This shows that physical continuity is not what holds identity together. At the same time, information alone cannot explain who you are. A blueprint can describe how to build something, but it cannot explain purpose, intention, or personal identity. Information serves the body and helps express life, but it does not create personhood. You are more than data.
Disconnection Does Not Mean Destruction
Once this is understood, it becomes easier to think clearly about death and what comes after. Temporary disconnections from the body happen all the time, and permanent disconnection happens at death. In neither case does it logically follow that the self stops existing. What ends is one form of embodiment, not the person.
This makes sense of the idea of restoration. It is not about becoming a different person or starting over as someone else. It is about the same essence continuing while embodiment is renewed. Identity does not depend on keeping the same physical material, but on the continuity of who you are at your core.

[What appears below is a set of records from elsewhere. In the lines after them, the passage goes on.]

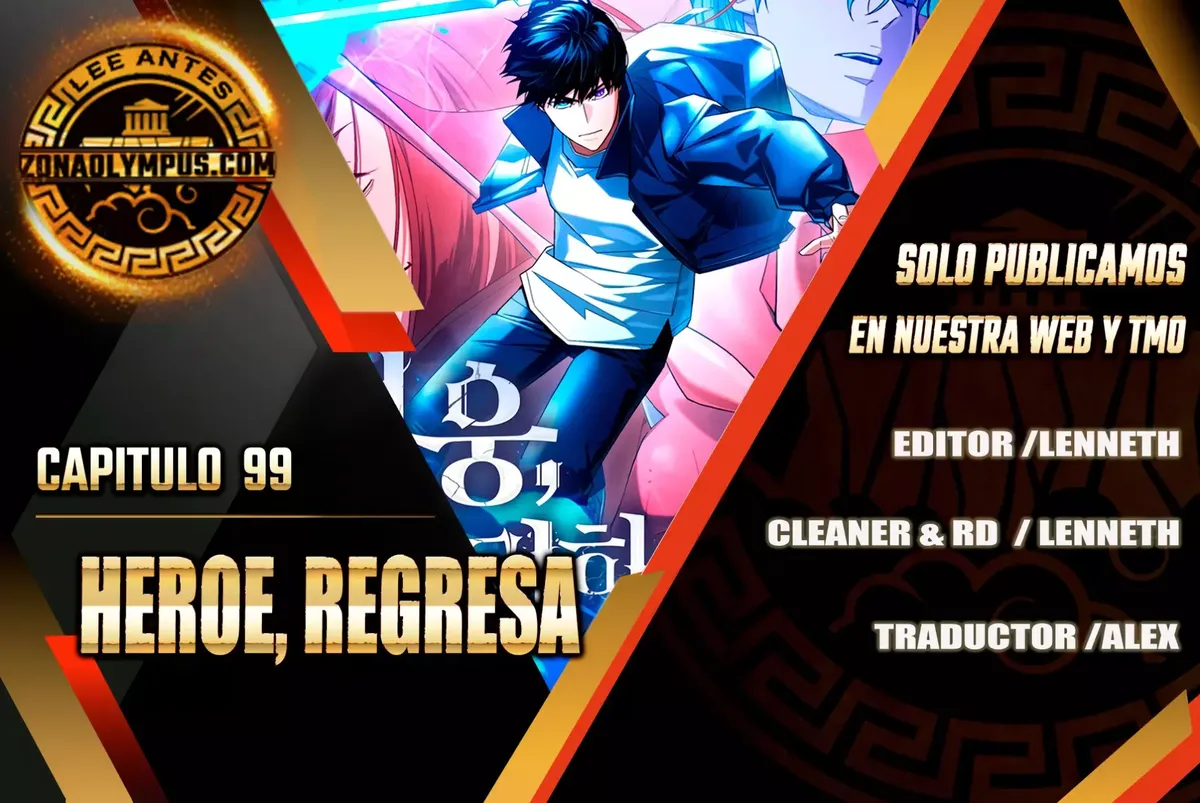Heroe, regresa Capítulo 99 en Línea - página 1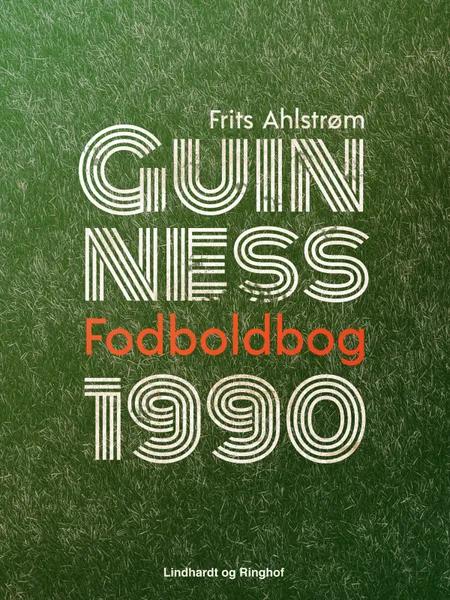 Guinness Fodboldbog 1990 af Frits Ahlstrøm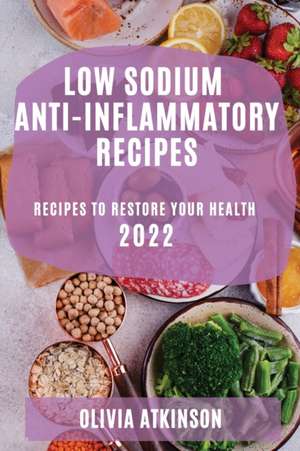 LOW SODIUM ANTI-INFLAMMATORY RECIPES 2022 de Olivia Atkinson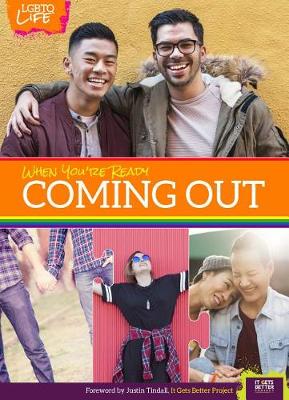 When You're Ready: Coming Out - LGBTQ Life (Hardback)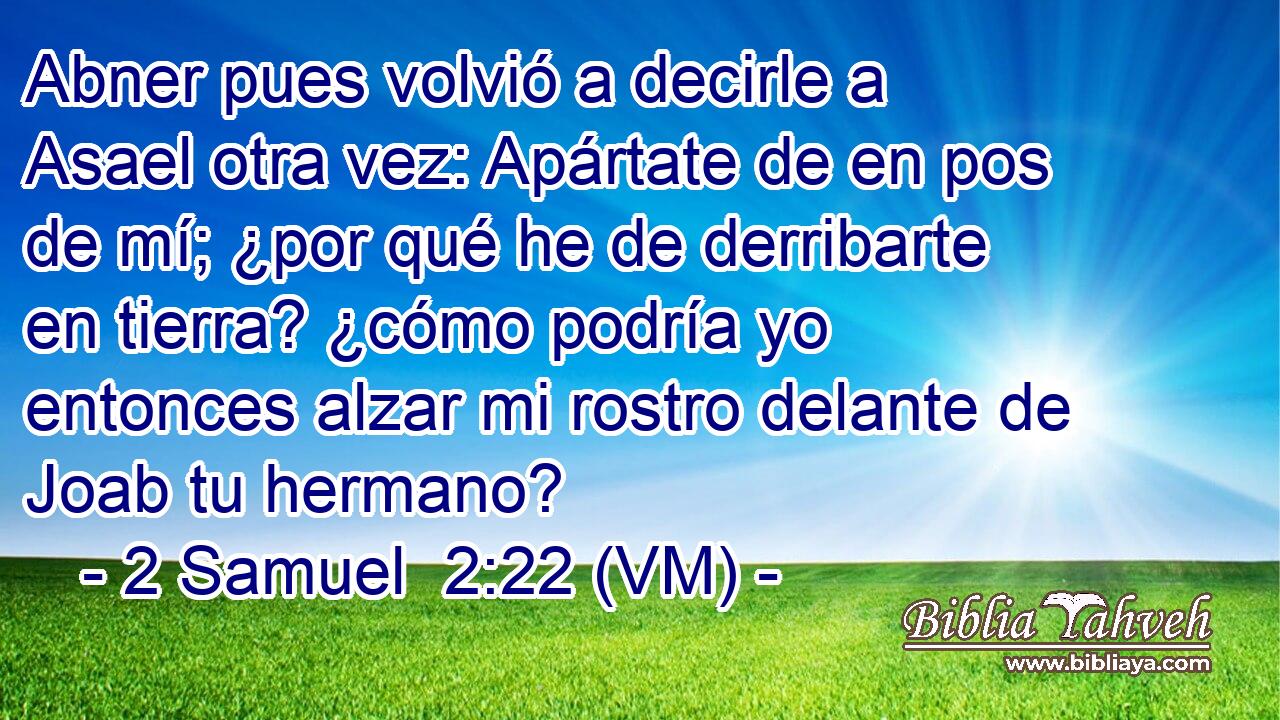  Abner pues volvió a decirle a Asael otra vez: Apártate de en pos de mí; ¿por qué he de derribarte en tierra? ¿cómo podría yo entonces alzar mi rostro delante de Joab tu hermano?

The Image of God Is About Who We Are, Not What We Look Like
Being made in the image of God does not mean God has a human body or face. God is spirit. The image of God shows up in qualities like moral responsibility, the ability to love, the ability to choose, creativity, relationship, longing, self-control, and awareness of good and evil.
These are not physical traits. They are qualities of personhood. Every person has them fully, not partially. God is not diminished by sharing His image with many people. Again, wholeness exists within wholeness.

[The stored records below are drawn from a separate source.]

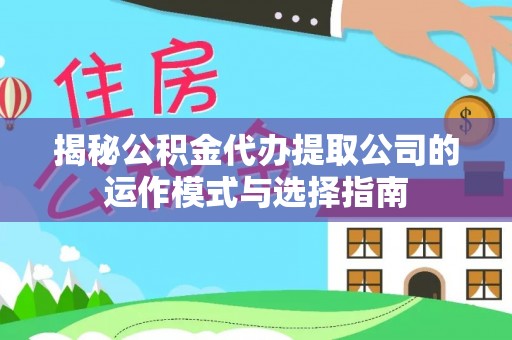 翠屏揭秘公积金代办提取公司的运作模式与选择指南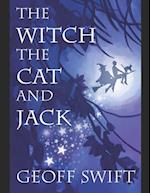 The Witch, The Cat and Jack: A Trilogy 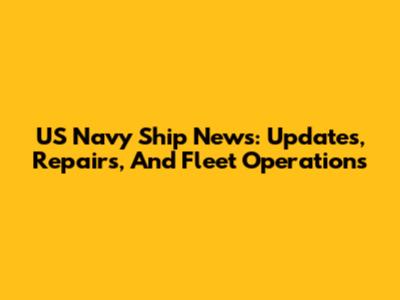 US Navy Ship News: Updates, Repairs, And Fleet Operations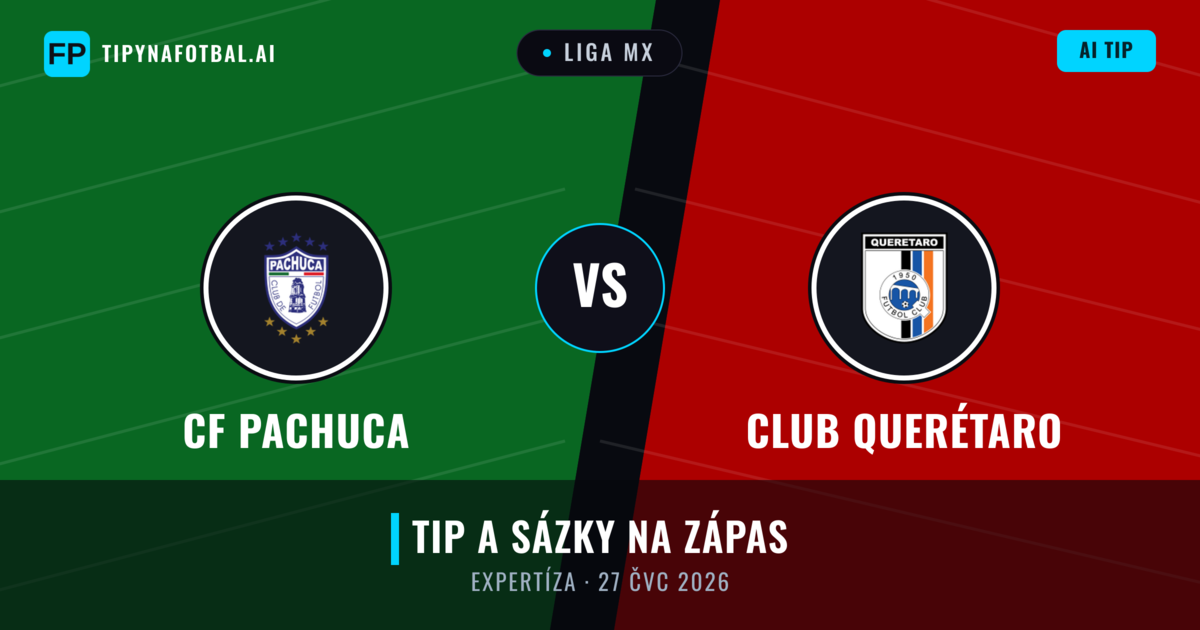 CF Pachuca vs Club Querétaro — předpověď a náhled zápasu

Reality Is Relational at Its Core
At the deepest level, this way of understanding reality is grounded in relationship. The Trinity shows that ultimate reality is not lonely or mechanical. God is one, yet exists as Father, Son, and Spirit, each fully God, without division.
This shows that unity does not erase distinction and distinction does not break unity. Love and relationship are not add-ons to reality. They are foundational. Humans reflect this structure in a limited way. We are meant for relationship, and our identities make full sense only in connection with others and with God.
Science Describes How Things Work, Not Why We Exist
Nothing in this view rejects science. Science is incredibly good at describing how physical systems behave. What it cannot do is explain why personhood exists, why meaning matters, or why moral responsibility feels real.
Problems arise only when scientific description is treated as if it were a complete explanation of reality. This framework respects science while recognizing its limits and addressing the questions it cannot answer.
Old Ideas, Integrated in a New Way
Many parts of this understanding have appeared before in theology and philosophy. What is unusual today is holding them together without collapsing into materialism or drifting into vague spirituality. The strength of this view is not novelty. It is coherence.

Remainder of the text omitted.